[Brief descriptive captions]
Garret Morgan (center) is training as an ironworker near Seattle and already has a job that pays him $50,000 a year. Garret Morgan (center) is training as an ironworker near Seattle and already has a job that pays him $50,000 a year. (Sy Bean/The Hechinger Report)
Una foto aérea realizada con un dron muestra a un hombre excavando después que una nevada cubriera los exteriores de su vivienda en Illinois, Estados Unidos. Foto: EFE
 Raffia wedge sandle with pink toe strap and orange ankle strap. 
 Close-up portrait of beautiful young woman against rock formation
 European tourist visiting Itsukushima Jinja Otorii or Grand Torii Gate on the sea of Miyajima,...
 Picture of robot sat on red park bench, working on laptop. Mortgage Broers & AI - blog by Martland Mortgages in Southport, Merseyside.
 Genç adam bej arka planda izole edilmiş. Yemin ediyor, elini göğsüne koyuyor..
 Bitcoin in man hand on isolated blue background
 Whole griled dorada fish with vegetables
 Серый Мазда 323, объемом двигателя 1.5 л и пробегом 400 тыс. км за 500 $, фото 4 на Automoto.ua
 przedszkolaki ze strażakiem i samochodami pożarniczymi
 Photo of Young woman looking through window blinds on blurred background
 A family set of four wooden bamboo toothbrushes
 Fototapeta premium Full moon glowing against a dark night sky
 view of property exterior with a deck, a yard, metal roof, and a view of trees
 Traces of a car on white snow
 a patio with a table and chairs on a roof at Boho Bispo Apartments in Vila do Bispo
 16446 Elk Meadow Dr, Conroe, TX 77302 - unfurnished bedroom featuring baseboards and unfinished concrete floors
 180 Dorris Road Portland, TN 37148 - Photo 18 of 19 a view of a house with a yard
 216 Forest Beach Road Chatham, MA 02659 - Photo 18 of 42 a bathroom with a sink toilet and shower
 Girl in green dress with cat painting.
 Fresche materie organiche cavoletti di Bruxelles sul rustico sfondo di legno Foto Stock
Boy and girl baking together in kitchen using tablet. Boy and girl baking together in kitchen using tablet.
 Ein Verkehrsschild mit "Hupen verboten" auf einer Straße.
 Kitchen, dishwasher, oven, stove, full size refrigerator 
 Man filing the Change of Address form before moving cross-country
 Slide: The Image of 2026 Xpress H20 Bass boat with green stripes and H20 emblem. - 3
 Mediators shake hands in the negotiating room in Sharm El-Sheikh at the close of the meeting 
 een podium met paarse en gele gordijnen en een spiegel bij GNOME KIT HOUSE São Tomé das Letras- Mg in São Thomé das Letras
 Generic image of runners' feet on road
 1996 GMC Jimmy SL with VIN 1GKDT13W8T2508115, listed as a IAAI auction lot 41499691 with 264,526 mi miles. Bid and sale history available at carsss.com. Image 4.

* Task goal
Copy here each line of the preceding records with "view" in it.

* Answer for this exercise
 view of property exterior with a deck, a yard, metal roof, and a view of trees
 180 Dorris Road Portland, TN 37148 - Photo 18 of 19 a view of a house with a yard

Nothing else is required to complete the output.